→ Dataset content
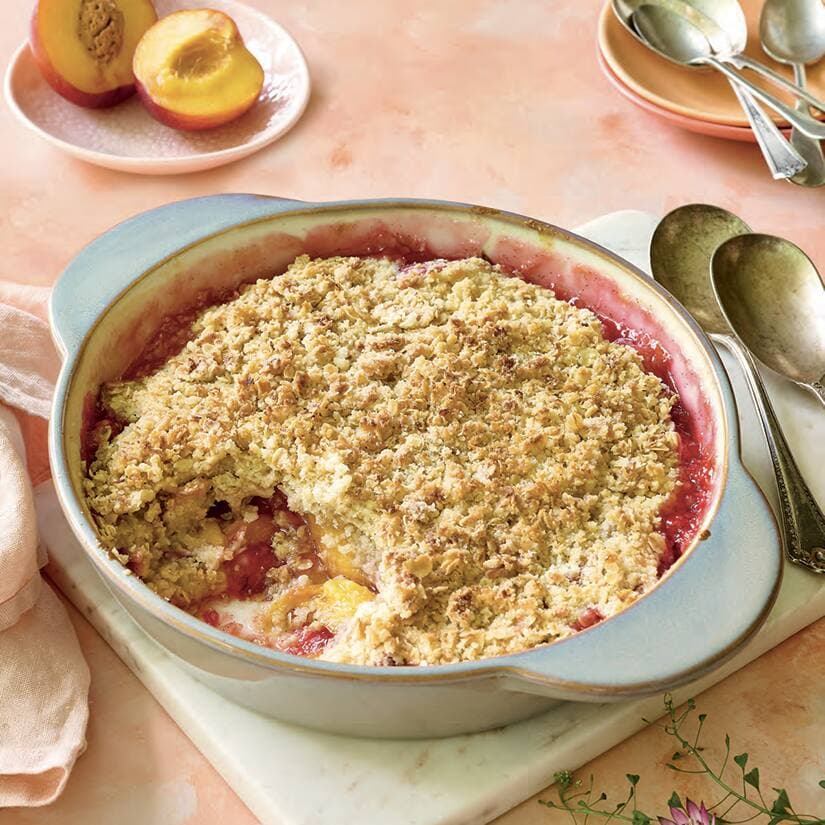Croustade aux pêches et à la vanille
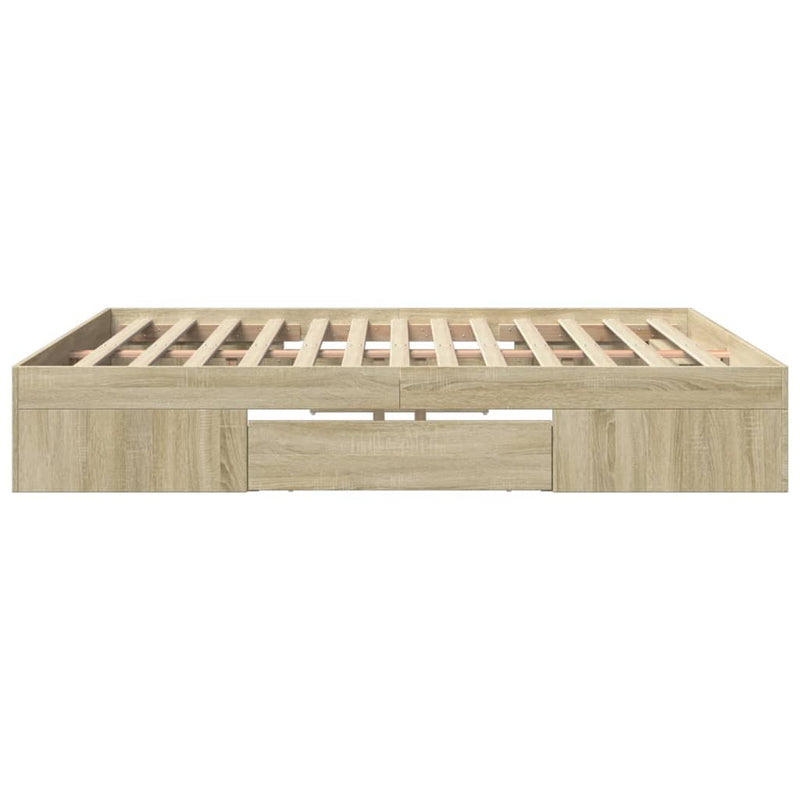 Bed Frame without Mattress Sonoma Oak 183x203 cm King Engineered Wood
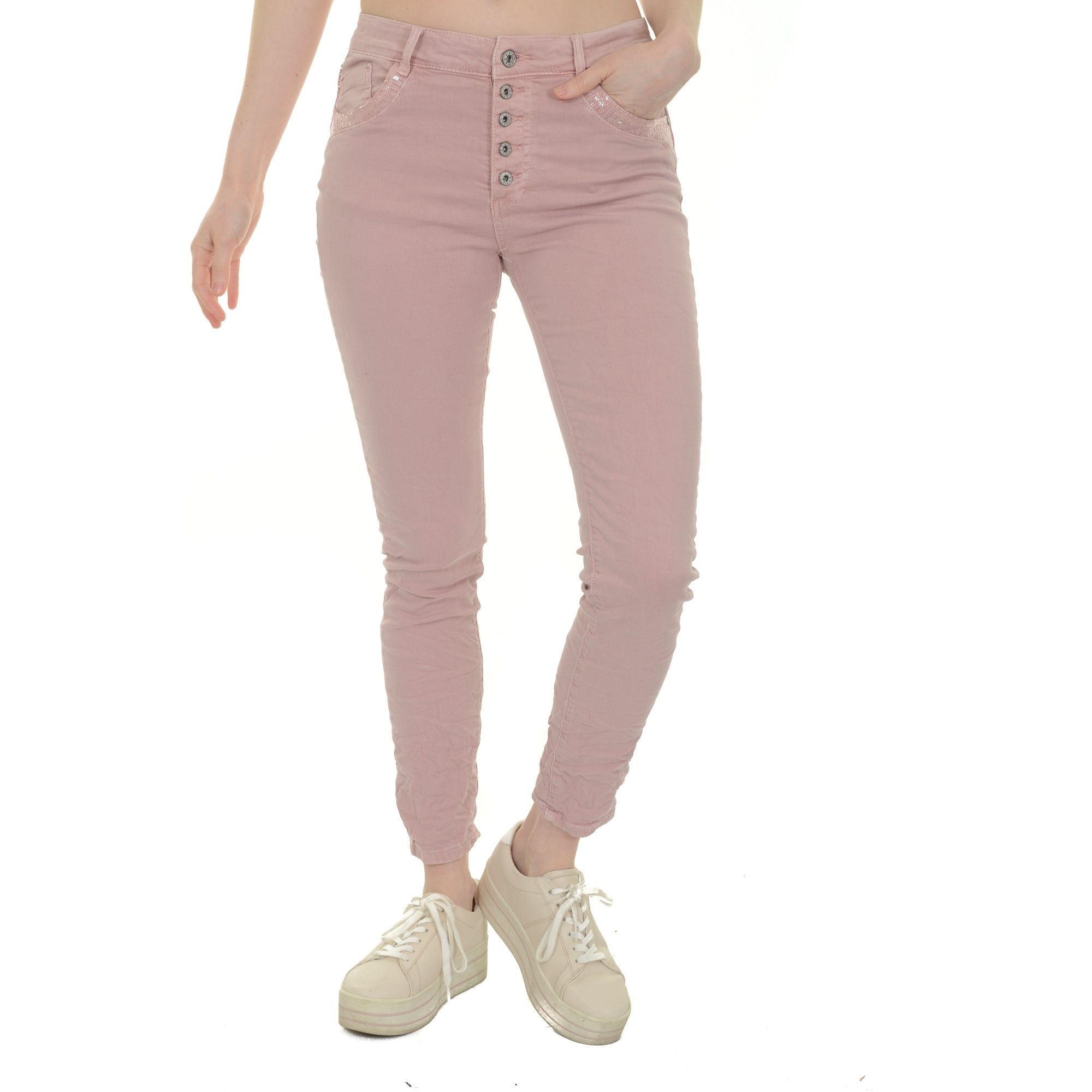 Mel stretch sequin trim skinny cotton jeans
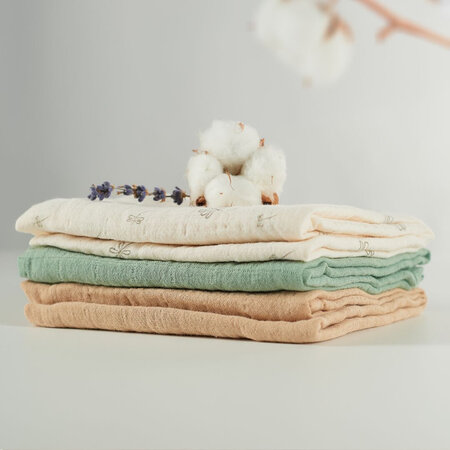 Muselina multifunctionala din bumbac 100% organic HUG.me, 60x60 cm, Pure Nature, 3 bucati, Onino 745443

→ Problem to work on
This exercise calls for the complete listing, returned exactly and without images.

→ Solved exercise
Croustade aux pêches et à la vanille
 Bed Frame without Mattress Sonoma Oak 183x203 cm King Engineered Wood
 Mel stretch sequin trim skinny cotton jeans
 Muselina multifunctionala din bumbac 100% organic HUG.me, 60x60 cm, Pure Nature, 3 bucati, Onino 745443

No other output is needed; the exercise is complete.